Machine learning is a race. Those companies that can put machine learning models into production, on a large scale, first, will gain a huge advantage over their competitors and billions in potential revenue. But, there is a huge issue with the usability of machine learning — there is a significant challenge around putting machine learning models into production at scale.
Organisations can create incredibly complex machine learning models, but it’s problematic to take huge datasets, apply them to different iterations of ML models and then deploy those successful iterations into production.
Machine learning versus AI, and putting data science models into production
Machine learning is becoming the phrase that data scientists hide from CVs, putting a data science model into production is the biggest data challenge, and companies are still not getting it. We spoke to a data expert on the state of data science, and why machine learning is a more appropriate phrase than AI. Read here
The machine learning landscape: where are we?
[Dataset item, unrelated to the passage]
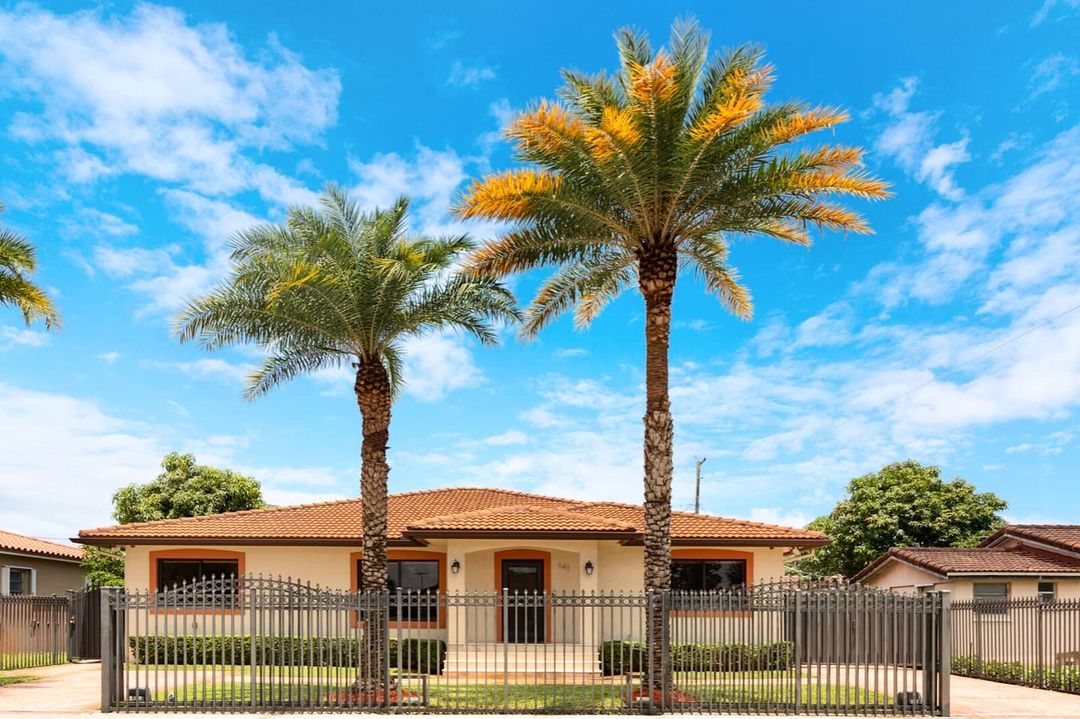 Spanish-style home with two palm trees in front, a fence, and blue skies. Photo by Instagram user @realtorjonny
When it comes to working out complex correlations — software development — “no one in the world is talented enough to figure these out, there’s too much noise in the data,” explained Eero Laaksonen, CEO at Valohai — the machine learning platform.
This is where ML and deep learning comes into play; it acts as the bridge between the start point and endpoint. ML, now, builds the function and the outcome is the model. “This is different from software development because the developers just write the function,” continued Laaksonen. “With ML, it’s combining the code with the data to define the model.”
Today, the working methods with ML are very similar to what was happening in the 1990s with software development — developers are under increased pressure to deploy successful ML algorithms into production faster.
“ML models are still an art form” — Eero Laaksonen
Why is it difficult to put ML models into production?
There are a number of reasons why it’s difficult to put machine learning models into production
1. Experiment reproducibility: the same combination of code and data (what the ML is trained on) can’t be reproduced easily.
2. Regulatory compliance: “ML can’t work in the wild west,” said Laaksonen. “Organisations and regulators need to figure out laws around automated decision-making, something that is more reliable from the human perspective.
“Europe has been proactive in this with GDPR, and it is a strike in the right direction, but it’s difficult to bake regulation into ML production. Banks have to be able to explain automated decision they made six months ago — it’s the output of data and models.
“If the ML model is running in production, currently there is no way to determine what caused it to come to that decision, and this needs to change. You need traceability and, therefore, version control in ML is very important.”
3. Fast on-boarding of teams: Organisations want to grow their developer and ML teams, but have disparate datasets and lots of code. It’s difficult for people to come on board and see projects, whose working on them and identify where the data. “And then there’s the issue of hiring data scientists who are a hot commodity,” continued Laaksonen. “You need the ability to track what they’re doing if they leave, their projects and pipelines etcetera.”
4. Quick experiments: Speed is key, but with ML, it is very much a trial and error approach. The only way to try more things with ML is to put more hardware on it, which is quite challenging — every change must be tested with lots of data.
Putting machine learning models into production faster
Valohai, which means Lantern Shark in Finnish, solves these problems as a machine learning platform-as-a-service — it illuminates deep learning and machine learning.
The platform saves the datasets that have been used to run different ML models and shows who is accountable, the experimentation cost and what type of data is being used, among other metrics.
Effectively, the platform fast tracks the trial and error model necessary in machine learning by forking the data pipeline into new models.
“When running on the cloud developers can’t monitor how much processing power you’re using. With our platform you can save the outputs and see the results on your data storage. Organisations can test different ML models on saved datasets from different sources and can run all the executions automatically with autoscaling on different cloud hosting providers,” explained Laaksonen.
The aim is to move from raw data to production faster, and the platform gives organisations the ability to rerun the data pipeline, retrain the model and deploy it.
“We’re at the phase where businesses will deploy ML on their own, before realising they need specialists” — Laaksonen
There are a number of use cases, and Laaksonen referred to one of Valohai’s customers, TwoHat Security, which is building a model to stop distribution of child pornography. TwoHat Security is working with Canada’s law enforcement and universities to build a machine vision model to detect sexual abuse material from darknets and other hard to reach places of the internet on top of Valohai’s platform.
There are also other applications for predictive maintenance, predicting risks in financial services and with telecommunications for forecasting the location of future towers.